Here we are again. Lent.
Another wilderness, or is it the same one? Wandering and wondering. In 2013, I joined several friends for an interesting Rethink Church experiment…to blog through Lent.
“Every Sunday, we’ll post a theme that we’re asking you to sit with that week. As you think about the questions and images revealed in that theme, share them with us on social media using the # for that week. Perhaps you’ll share a photo of how that topic speaks to you. Whatever it is, we hope these 40 days of Lent will be a time to open your eyes and heart to what’s already at work around you.”
Welcome to the conversation. (Be sure to check out the other bloggers listed at the end of this post.)
This week’s question(s):
“What are the basic needs in your community? How might you participate in meeting those needs?”
Though at first blush these may seem like complex and complicated questions, the answers are quite simple. Hair salons. What my community needs more of are houses of hair. Or car washes. Those are sprouting up with great regularity in the neighborhoods I consider part of my community. Oh, and liquor stores/gas stations. These are clearly in great demand as their proliferation attests. The basic needs of my community boil down to: the need to be pampered, polished, and numbed and to have it all delivered in the most convenient ways.
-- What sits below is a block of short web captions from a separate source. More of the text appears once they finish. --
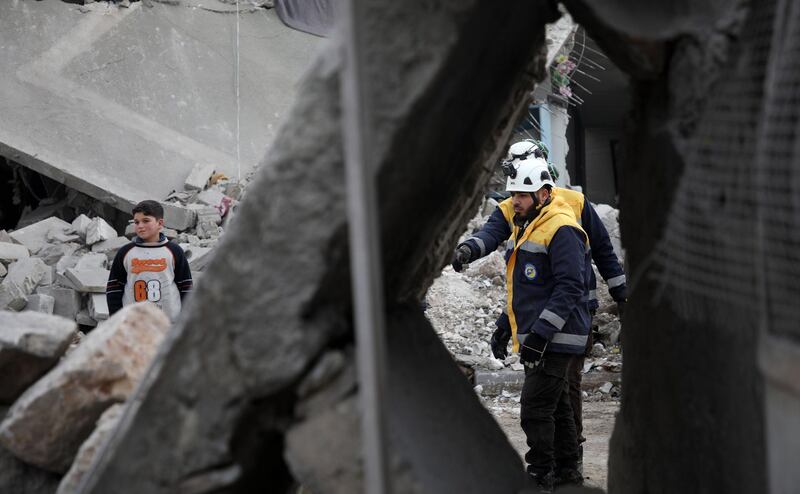 Members of the Syrian Civil Defence (also known as "The White Helmets") clear debris from buildings in Orum al-Kubra, Syria. AFP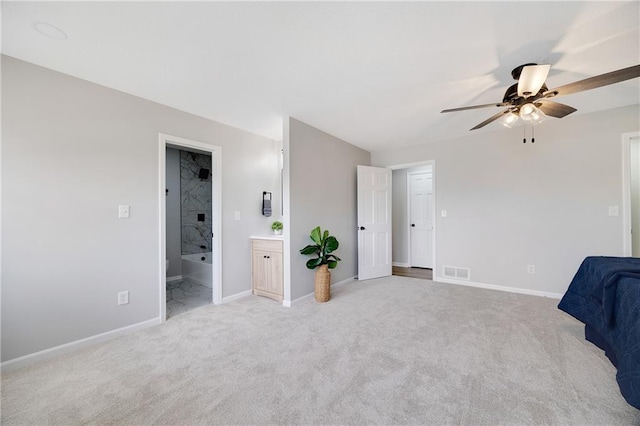 513 Forestglen Ln, Lansing, KS 66043 - unfurnished bedroom featuring light colored carpet, connected bathroom, and ceiling fan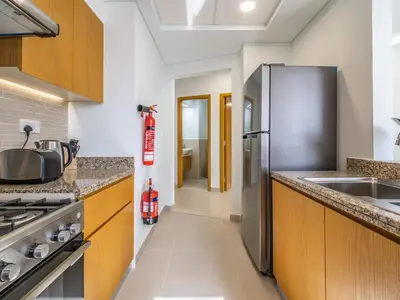 a kitchen with wooden cabinets and a stainless steel refrigerator at Glamorous Apartment Facing Burj Khalifa in Dubai
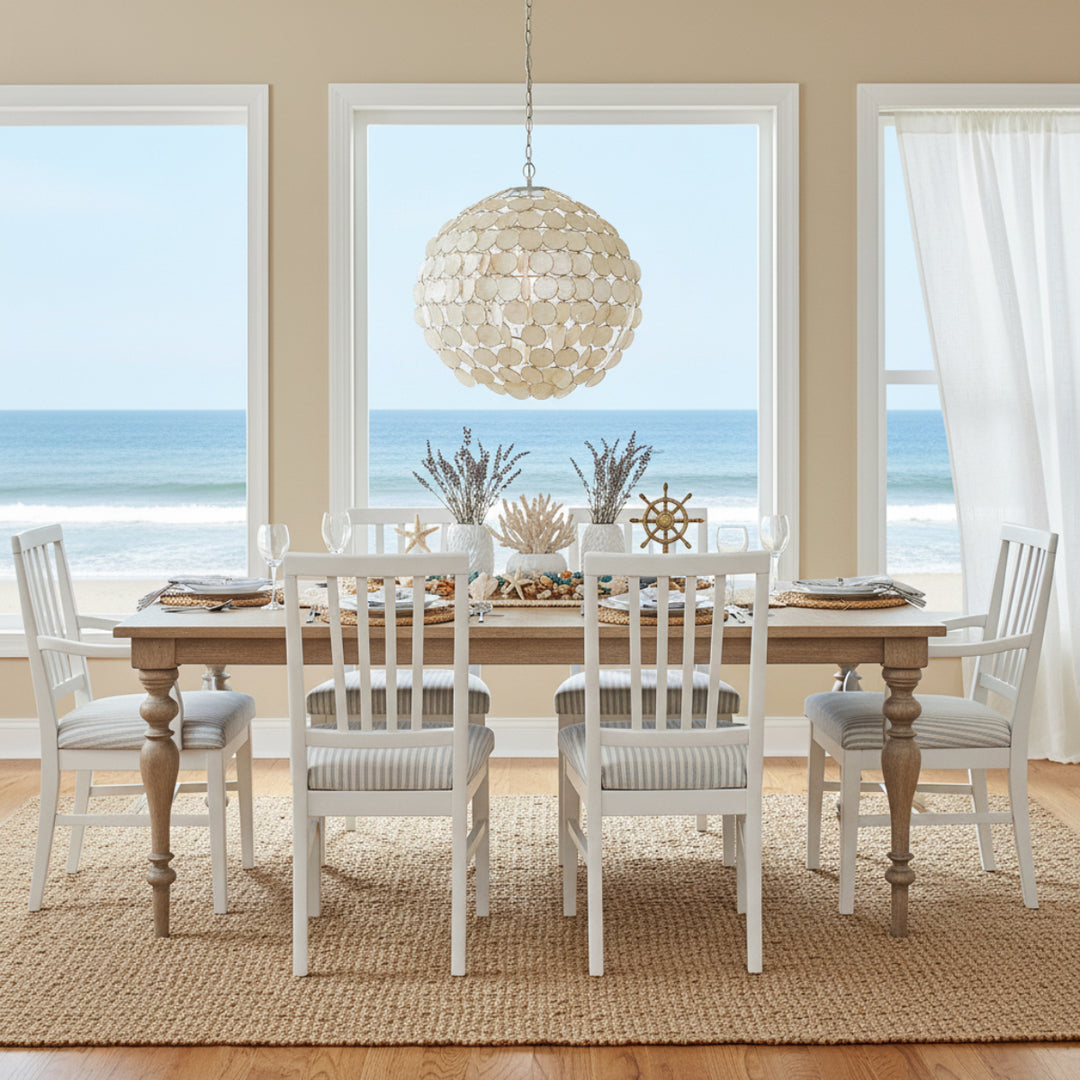 Santorini dining table styled in bright coastal dining space with ocean view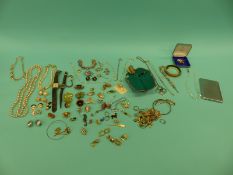 A collection of costume jewellery to include brooches, earrings, watches, faux pearls,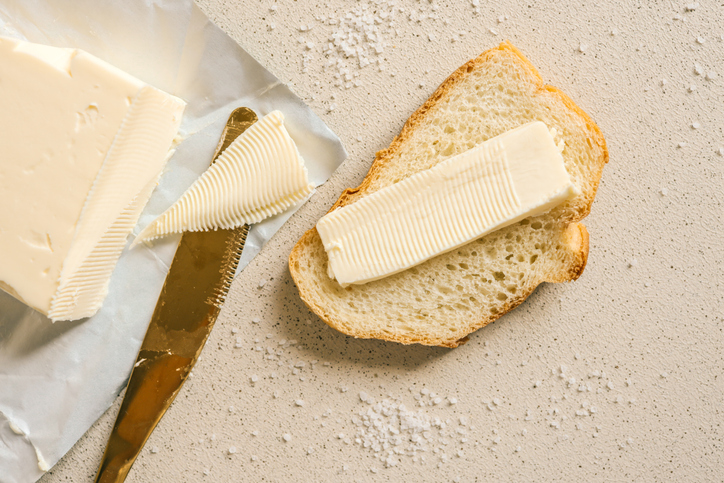 Slice of bread and butter. Closeup sourdough slice of homemade white loaf bread with butter.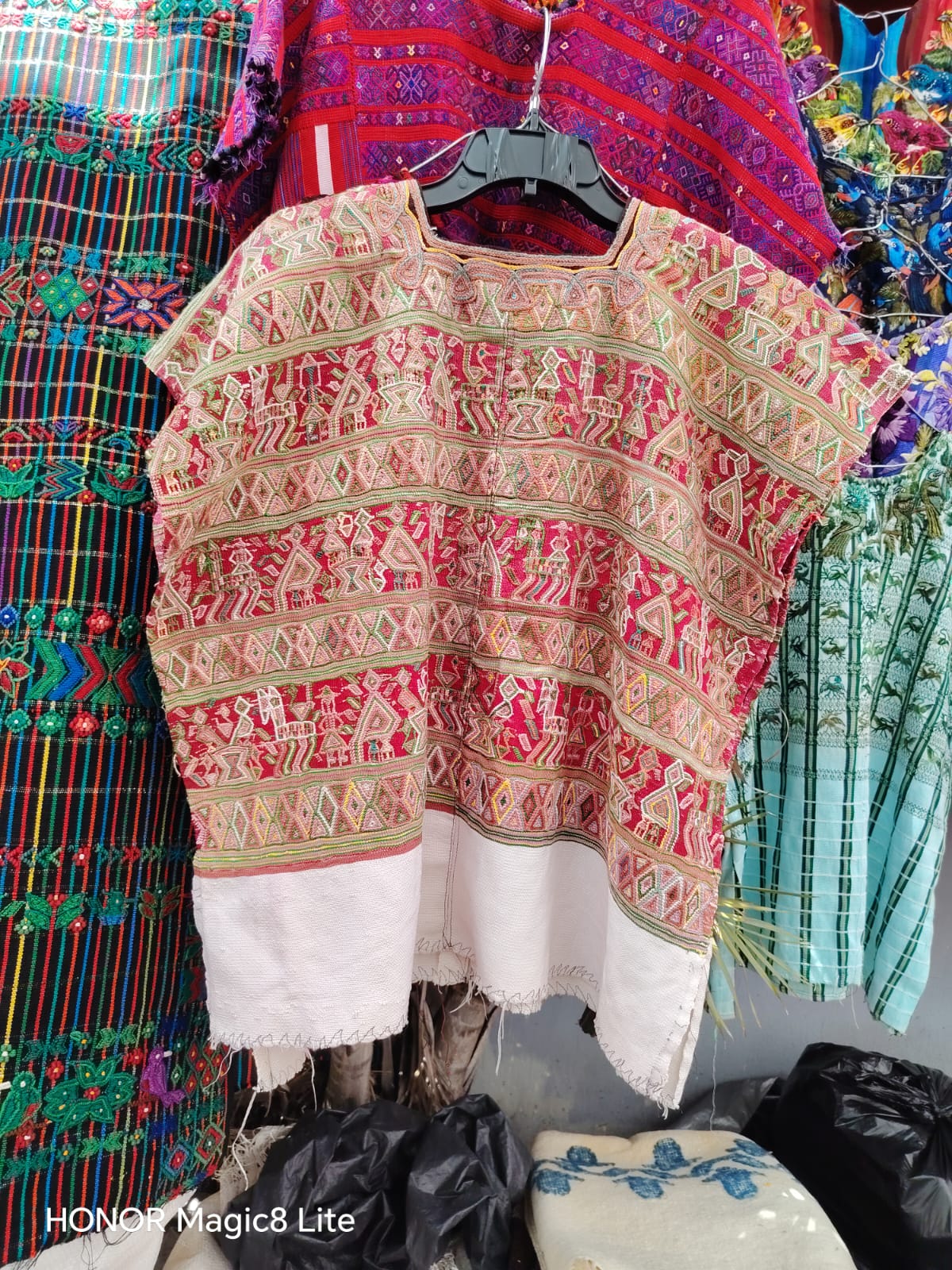 Traditional red Nebaj huipil (reserved for April)
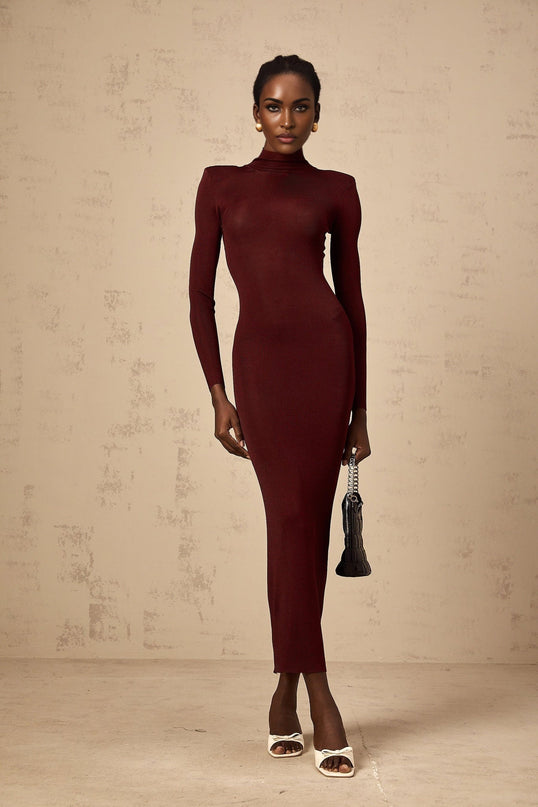 A woman wearing a red semi sheer knitted midi dress with long sleeves standing against a plain background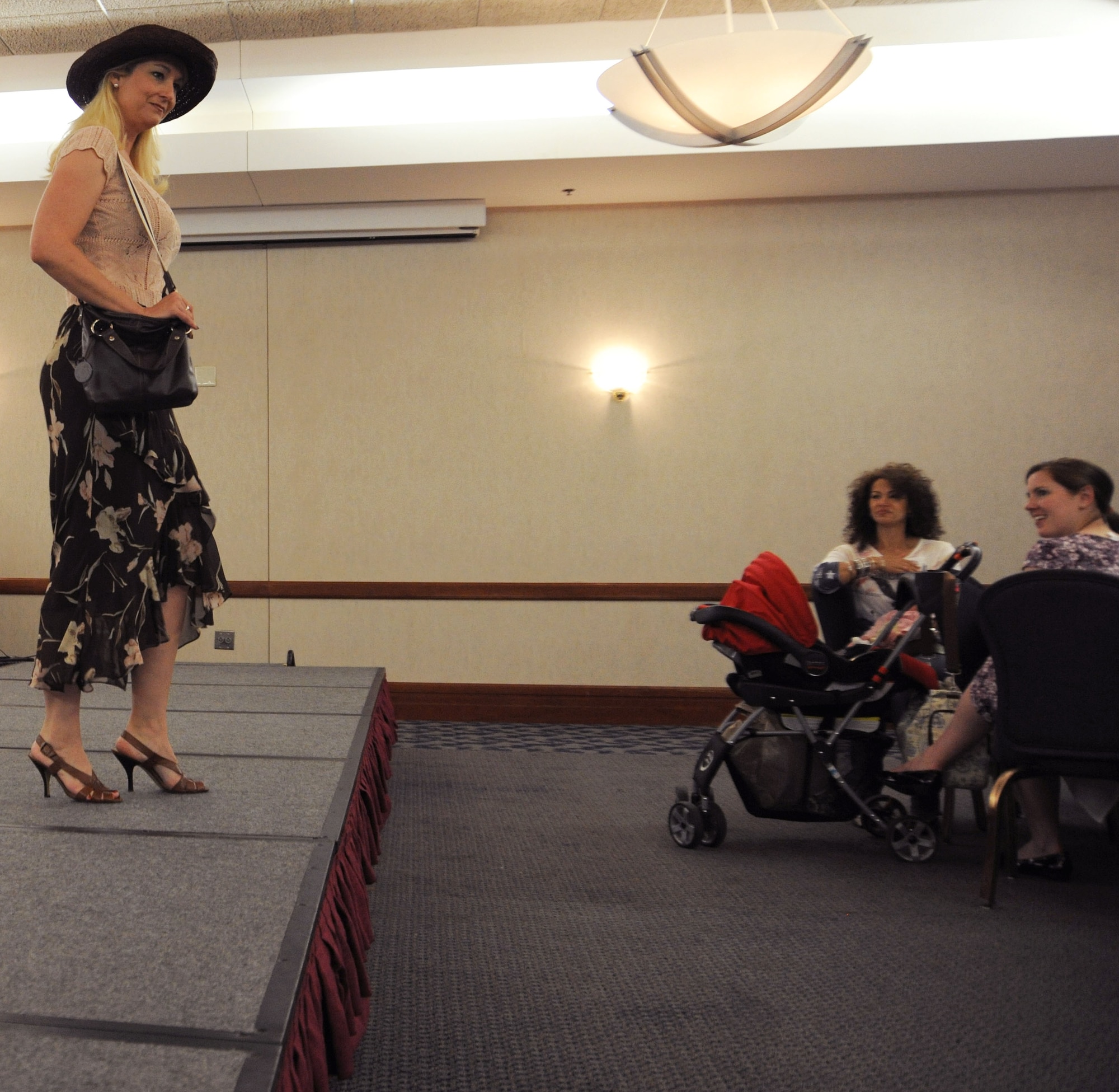 Sally Guild, a member of the Andrews Officer's Spouses Club, models summer clothing from the Andrews Thrift Shop.  The AOSC runs the shop, and distributes the proceeds back to the base and local community. (U.S. Air Force photo by Senior Airman Torey Griffith)(released)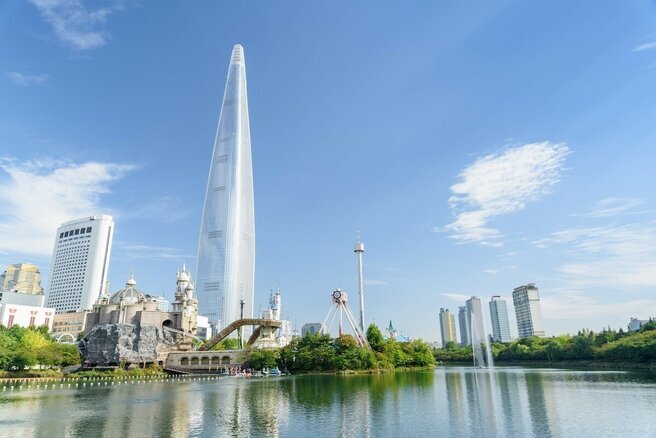 Пятая по высоте башня Lotte World Tower (554м.) называют "жемчужиной Кореи". Башня получила имя в честь ее застройщика и владельца, Lotte Group, как и соседний культурно-оздоровительный комплекс. Оба объекта являются важными туристическими направлениями Сеула.
Светлая цветовая палитра стеклянных навесных стен и мягкая кривизна здания вдохновлены корейской керамикой и резко контрастируют с городом. Здание включает в себя все многофункциональные помещения, которые мы привыкли ожидать от сверхвысоких башен, такие как офисы, коммерческие помещения и модный отель, но также в нем есть и новый тип функционального пространства, характерного для Кореи: "офисные помещения" Officetel. Это что-то вроде квартир-студий, сочетающих жилое и рабочее пространство. 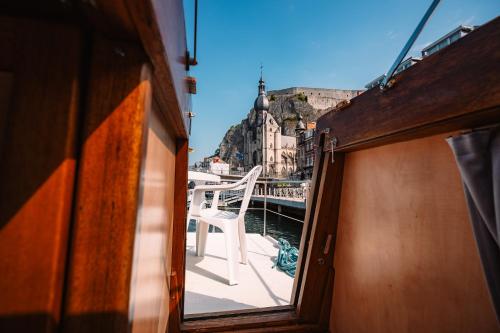 a window on a boat with a view of a city at Pénichettes Dinant Evasion in Dinant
To be fair there is also a new fast(ish) food pizza chain, a large hotel, and a senior living community also being built in my community. So if I were to gauge what my community needs based on what is being delivered/built in my community, I might see a larger picture of the need for community.
An artificial community created at a hotel. A temporary community created at a senior living complex. A communal space to gather to break bread(sticks) together.
You see what my community needs on the most basic level is community. Community defined not by geography. Community that is more than a region or a place on the map. Community as in relationship. People who do life together.
Though I’m not certain I’ve watched an entire episode, this is the beautiful play on words captured by the title of the sitcom “Community“. A community college where the students and teachers form a community. A place. A set of relationships.
So as I sat with the clipper buzzing around my ears, I talked with my stylist who has been a personal friend of mine for longer than 90% of the relationship in my life. I know her kids and she knows mine. I know her wedding anniversary and what her Christmas looked like. She’s cut my hair on my deck when I couldn’t get my schedule to work into her salon schedule. We tried to watch her compete in a dance recital (couldn’t find the studio, so we ultimately missed out). So as I sat in the pneumatic chair at this the fifth (maybe sixth?) salon we’ve followed her to, we shared bits of our lives, snippets of struggles and triumphs, the joys and sorrows of parenting, the plans and the dreams that make up life.
This is where I come in. I can seek out and support such environments. I’ll follow my stylist to this new salon, because I like the way she cuts my hair and because she is my fiend, but also because if this salon succeeds, there is another place for community to happen. My support will add to the support of others and this salon can flourish.
More directly, I have a unique role in creating space for community through my work as a pastor. I have the opportunity to encourage others to form community even as I lead by example and start/maintain gatherings of community. This has looked like facilitating small groups. It has more often been more a getting together for a meal or conversation. And in a hyper-connected world where we have email in our pockets and social media always beeping at us, we really need these connections. Not the surface voyeurism of a facebook, but the stuff that happens when folks come together (even if that coming together is via facebook/facetime/skype/etc.). What is important is the level of interaction. The depth of the conversation. The willingness to know and be known.
Even as I write these words, a friend has stopped by the office. The next thing I know, I’m learning about the books she likes to read, the way she likes to spend her time (and some past struggle with giving herself permission to enjoy reading for the fun of it). We talk about personality and motivations. We talk family. I learn about a great gift her husband has given her. We dip below the surface of “How are you? Fine.” We make plans for lunch. We go back to our days. We have been enriched by the experience. We have come to know each other more deeply. We have cared for one another and been present in a way we both need.
What my community needs is real community. How I can help meet the need is to participate in and create opportunities for such community to occur. I can be interruptible, and when appropriate, an interruption.